Cozy Joseph : pour tirer profit de l’IA, les jeunes doivent associer compétences techniques et humaines

Cozy Joseph, d’Amazon Web Services, rappelle que pour être compétitifs dans un monde dirigé par l’IA, les jeunes Haïtiens doivent développer une double compétence : technique et humaine. Sur le plan technique, cela implique la capacité à diriger, collecter et analyser des données, ainsi qu’à comprendre les langages de programmation et les algorithmes.
Cependant, l’IA ne remplace pas la pensée critique ni la créativité. « Ce que l’IA ne peut pas faire, c’est penser à votre place », souligne-t-il. Il insiste aussi sur la nécessité de rendre la technologie accessible en Haïti pour qu’elle ne soit pas considérée comme hors d’atteinte mais comme un outil concret à la disposition des jeunes innovateurs.

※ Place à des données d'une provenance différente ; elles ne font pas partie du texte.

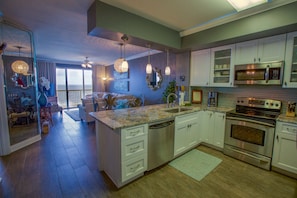 Kitchen, all stainless .steel appliances.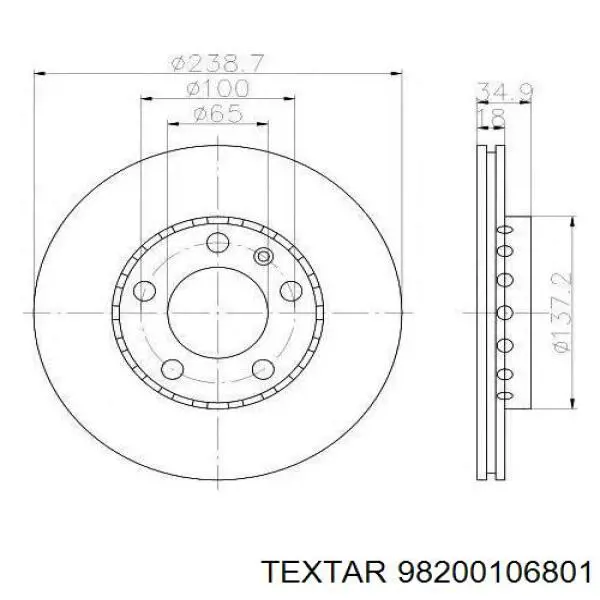 98200106801 Textar диск тормозной передний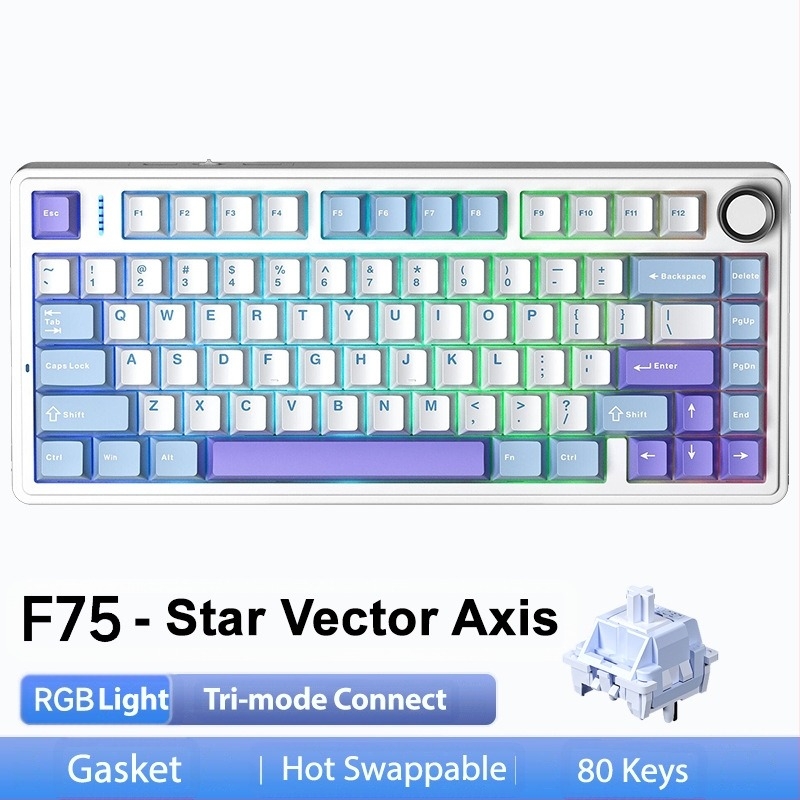 Wolf Spider F75 mehanička tipkovnica – 75 tipki, gasket konstrukcija, hot-swappable, RGB pozadinsko osvjetljenje, tri načina povezivanja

Un engagement collectif pour avancer
Tous les participants à cette table ronde sont d’accord pour dire que l’intégration de l’IA en Haïti ne sera pas une solution miracle. Cependant, une opportunité stratégique nécessitant une vision claire, des régulations appropriées et un engagement dans l’éducation et l’infrastructure. Les jeunes, qu’ils soient entrepreneurs, étudiants ou passionnés de technologie, sont au cœur de cette transformation.
La table ronde a été un moment fort de sensibilisation et de mobilisation autour d’un enjeu essentiel du XXIᵉ siècle. Il appartient désormais aux décideurs politiques, aux institutions éducatives et au secteur privé de transformer ces idées en actions concrètes pour que l’intelligence artificielle puisse contribuer au développement économique, social et inclusif d’Haïti.